The ins and outs of manual printing

Labor of Love

Joe Clarke has spent the past 47 years in the lab and in the engineering department, in pre-press and on-press, as an R&D / technical researcher and as a manager of screen print production. Clarke has held executive positions as President of M&R Printing Equipment and as Vice-President at Wilflex [Poly One]. He has been granted a growing number of print-related patents, including one for High-Shear printing with Smilin'Jack - he is a member of the ASDPT, is an Associate Editor for NBM and an SGIA Fellow.

Clarke has presented hundreds of technical papers, written a couple books and published over 600 technical / management articles for which he has been awarded five Swormstedts; the international standard for excellence in technical writing.

Currently Joe Clarke is the President of CPR, a Chicago-based corporation which manufactures Synergy Inks including NexGen; environmentally & financially responsible T-Shirt inks. For more information on CPR, visit

The manual press operator is a rare breed of creative-craftsman. With few exceptions, they will do anything necessary to ensure the highest-quality image imaginable. Then, by definition, the “best” manual press must be the one which allows the creation of these masterpieces quickly and consistently over a protracted lifespan.

But be forewarned: The press will only allow its operators to maximize the cumulative quality of the tools we bring to press if we add the unsustainable resource of time. So it seems the “best investment” must be the press that allows users to achieve our admirable goals is less time.

Quality-time continuum

To speak about the quality/time continuum, we’ll first need a common frame of reference. Consider what eats up so much time in preparation. There are only two time-eaters; the pair of perpetrators is dimensional image alignment (registration) and the art of balancing the ink thickness required by the mesh with the volume supplied by the blade.

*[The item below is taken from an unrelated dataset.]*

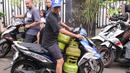 Untuk membeli elpiji 3 kg, masyarakat perlu menunjukkan Nomor Induk Kependudukan (NIK) atau Kartu Tanda Penduduk (KTP). (Magang/Liputan6.com/Muhammad Rizal)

Dimensional-image alignment is achieved with the use of a pair of adjustable bearings (hardened, eccentric cam followers) between which we wedge a steel bar every time we lower the screen. The other causes of mis-registration are the ability of the press to maintain parallelism between the screens and platens and the precision of the off-contact setting.

On top of this, we’ll require about 35 N/cm² printing tension to efficiently transfer even the nastiest white ink. Settings above the upper limit result in image displacement (an enlarged image in both directions). This is not to be confused with image drag in the stroke direction only, which is due to using single-axis, soft, buckled blades at low printing tension. Settings below the lower limit will cause image drag and other issues.

As the squeegee passes, the side-load on a typical 23" X 31" frame is about five pounds of pressure on every print stroke. This means we want a robust frame to be clamped into a robust side clamp which will not allow the frame to pivot (cantilever loading) or shift in reference to the image due to blade drag.

An observant print practitioner can garner almost as much information from the top of the screen as by looking at the printed image. The image on the right shows the result of blade buckling—the mesh is not completely cleared, there is excess white ink on the non-image areas and the ink trailed behind the blade. The solution is to reduce the initial angle shown in the image below so it clears, is clean on top and leaves no trails.

Microcosm of confusion

It’s important to realize that micro-register adjustments will not ever compensate for a shape change caused by drag and stretch. Micro can only move the shape. If drag and stretch have contorted a rectangle into a slice of white bread, it’s too late for micro! If the press won’t maintain parallelism and precision gap, the shape of the image will change and a millennium of micro adjustments won’t find a fit.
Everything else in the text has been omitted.